Her grandmother, who was the subject of racist taunts growing up in the 1960s and 1970s, pushed much of her heritage away, Martin said, so it was never passed down to younger generations .
But with this discovery of history, the family found a new sense of belonging.
“It was sort of therapeutic,” Martin said, “to experience a culture that I come from that wasn’t shared with me.”
She learned, for example, that her great-grandfather owned two bars in the city, Mousetrap on Keystone Avenue and Pink Elephant on Virginia Avenue, which is now a parking lot.
As part of a class assignment, Martin took his family on a “heritage tour” around Indianapolis, including major spots like Freije’s Market, a Syrian business. They then had lunch at Canal Bistro in Broad Ripple, eating kibby, falafel, tabbouleh and discussing their roots.
“I was asking (my grandmother) some questions and for the first time,” Martin said, “she wasn’t ashamed to speak openly being Arab… she just talked about it openly at lunch and smiling, and I didn’t don’t do it. You know, something…just changed. And it was just a good feeling.
His IUPUI course is over, but Martin still has more to discover in his personal journey.
With the help of her grandmother and Ancestry.com, she began tracing their family history, adding new names to a growing family tree. She is learning Arabic, although it is a difficult second language to learn.
“Sometimes I wonder,” Martin said: “Are you really that Syrian? » Do I have the right to look into this? Do I have the right to try to recover part of the culture that has been abandoned? »

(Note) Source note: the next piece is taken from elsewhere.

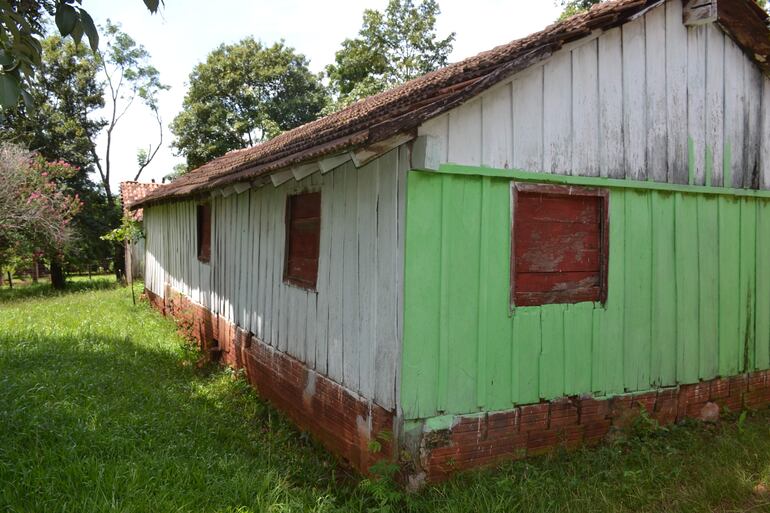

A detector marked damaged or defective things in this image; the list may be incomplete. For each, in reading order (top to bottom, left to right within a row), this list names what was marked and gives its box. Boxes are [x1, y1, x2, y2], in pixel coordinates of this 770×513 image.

rusty metal roofing [120, 180, 162, 220]
rusty metal roofing [132, 0, 768, 209]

These questions also arise as she attempts to pass on her family heritage to her 4-year-old son.
“Sometimes when I’m trying to teach him, when I’m teaching our culture myself, I feel like it’s not my place,” Martin said. “I feel like I’m always outside of my own culture.”
But she is not alone in her journey.
One day, she accidentally received a message from a stranger in Michigan. They both had family ties to a certain Jerome Shamy, the great-grandfather of Martin “Jim”.
“Oh, we’re related,” she recalled, they soon realized.
Most of his distant relatives live in Dearborn, Michigan, Martin learned, where his great-great-grandparents originally settled in the United States.
“We’re actually friends on Facebook now and trying to get together,” Martin said. “I wish I could go to Dearborn and meet the others because apparently they have more stories and recipes and stuff from (my great-great-grandparents)… And I don’t. never seen a photo of (them)…
“I feel like I’m just trying to learn a lot about their lives. I just want to see pictures of them.”
Although there remains much uncertainty and many unanswered questions, Martin is sure of a few things. His great-grandfather’s business ventures. Her great-great-grandmother’s recipes, passed down by her grandmother.
Part of her family history has been lost between generations, but she learns to embrace the journey of inquiry and her family’s unique history.
It’s in the kitchen that she feels most confident with her heritage, especially with the unique family recipe for dolmas, or stuffed grape leaves, Martin said. (They do it without mint).
“When other people eat my version of grape leaves, they think, ‘That’s very strange,’” Martin said. “I’m like, ‘Yes, I know. Probably.'”
To purchase the book “Arab Indianapolis,” visit Belt edition.
To watch the documentary “Arab Indianapolis,” visit the website.